• **To do**
All records are to be reproduced verbatim, with images omitted.

----- Source data

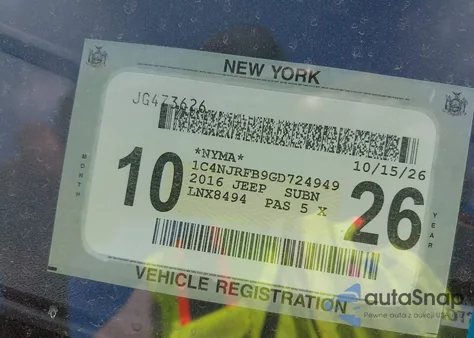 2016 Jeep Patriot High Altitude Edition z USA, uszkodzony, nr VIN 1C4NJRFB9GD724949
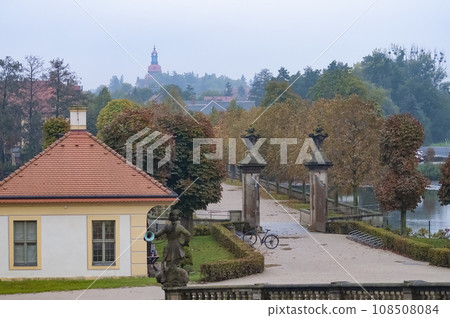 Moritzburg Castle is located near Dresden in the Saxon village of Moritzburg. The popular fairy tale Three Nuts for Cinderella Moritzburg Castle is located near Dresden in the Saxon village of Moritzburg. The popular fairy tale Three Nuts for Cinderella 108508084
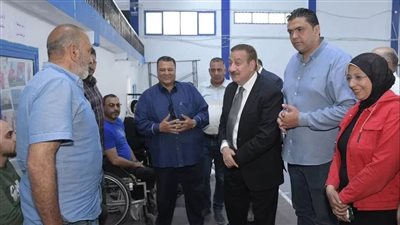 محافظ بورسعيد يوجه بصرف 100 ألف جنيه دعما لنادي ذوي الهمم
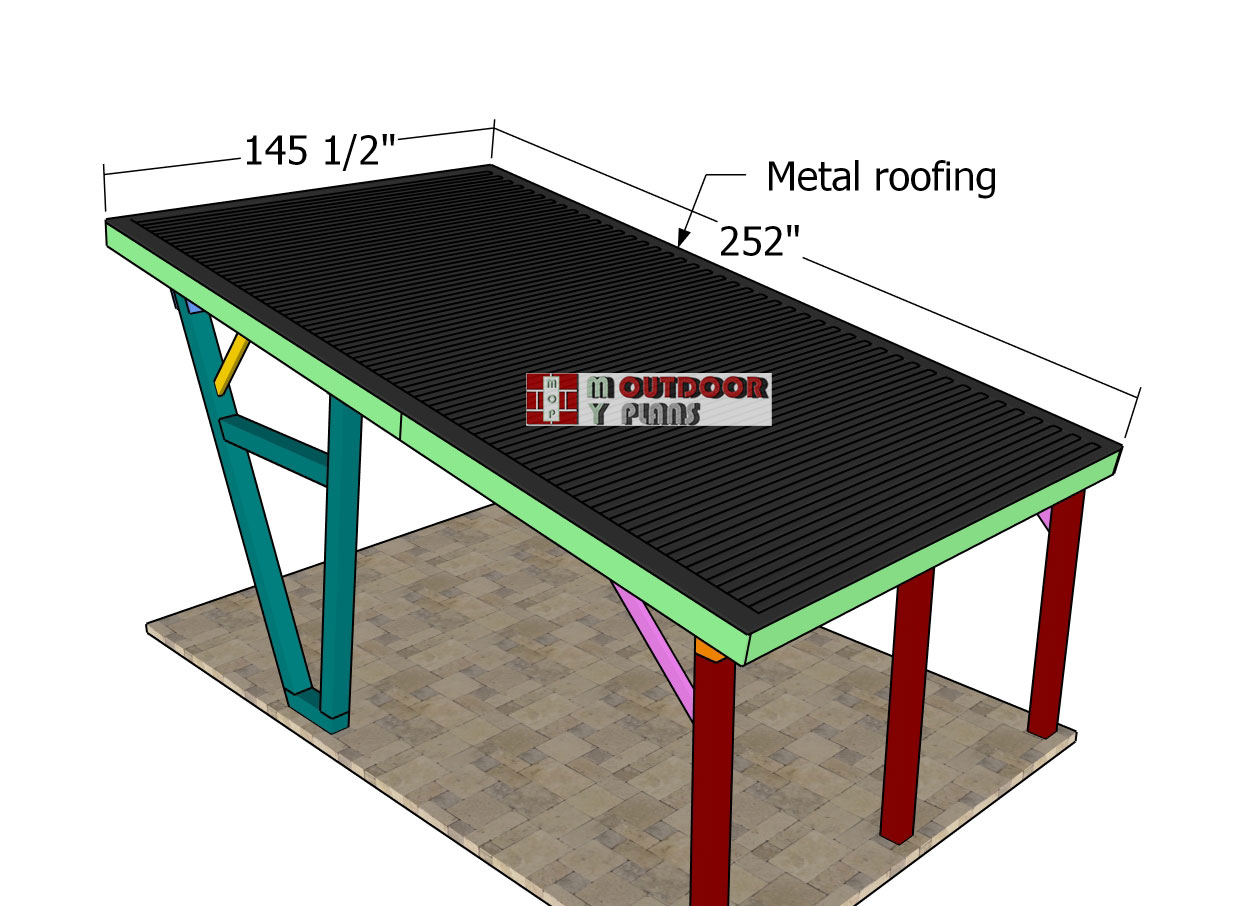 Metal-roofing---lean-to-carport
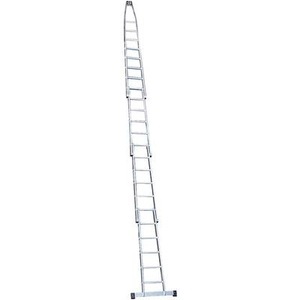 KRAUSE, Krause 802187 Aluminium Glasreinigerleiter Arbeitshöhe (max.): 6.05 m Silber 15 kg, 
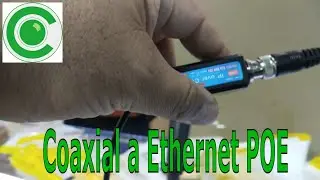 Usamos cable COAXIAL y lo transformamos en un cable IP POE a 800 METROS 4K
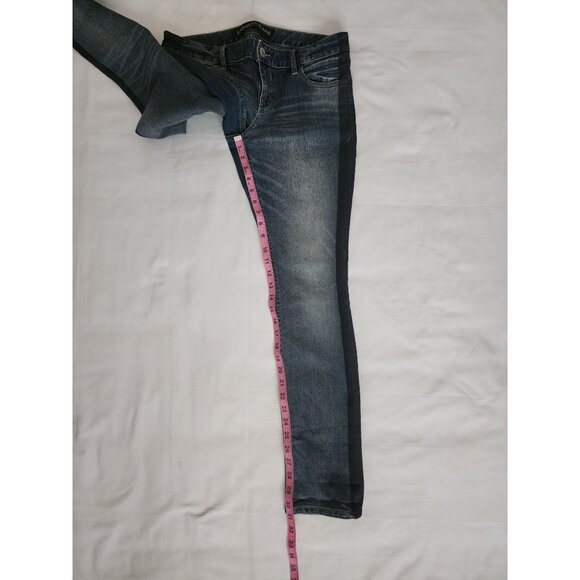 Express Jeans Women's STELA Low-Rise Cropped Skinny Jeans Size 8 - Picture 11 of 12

----------

• **The completed task**
 2016 Jeep Patriot High Altitude Edition z USA, uszkodzony, nr VIN 1C4NJRFB9GD724949
 Moritzburg Castle is located near Dresden in the Saxon village of Moritzburg. The popular fairy tale Three Nuts for Cinderella Moritzburg Castle is located near Dresden in the Saxon village of Moritzburg. The popular fairy tale Three Nuts for Cinderella 108508084
 محافظ بورسعيد يوجه بصرف 100 ألف جنيه دعما لنادي ذوي الهمم
 Metal-roofing---lean-to-carport
 KRAUSE, Krause 802187 Aluminium Glasreinigerleiter Arbeitshöhe (max.): 6.05 m Silber 15 kg, 
 Usamos cable COAXIAL y lo transformamos en un cable IP POE a 800 METROS 4K
 Express Jeans Women's STELA Low-Rise Cropped Skinny Jeans Size 8 - Picture 11 of 12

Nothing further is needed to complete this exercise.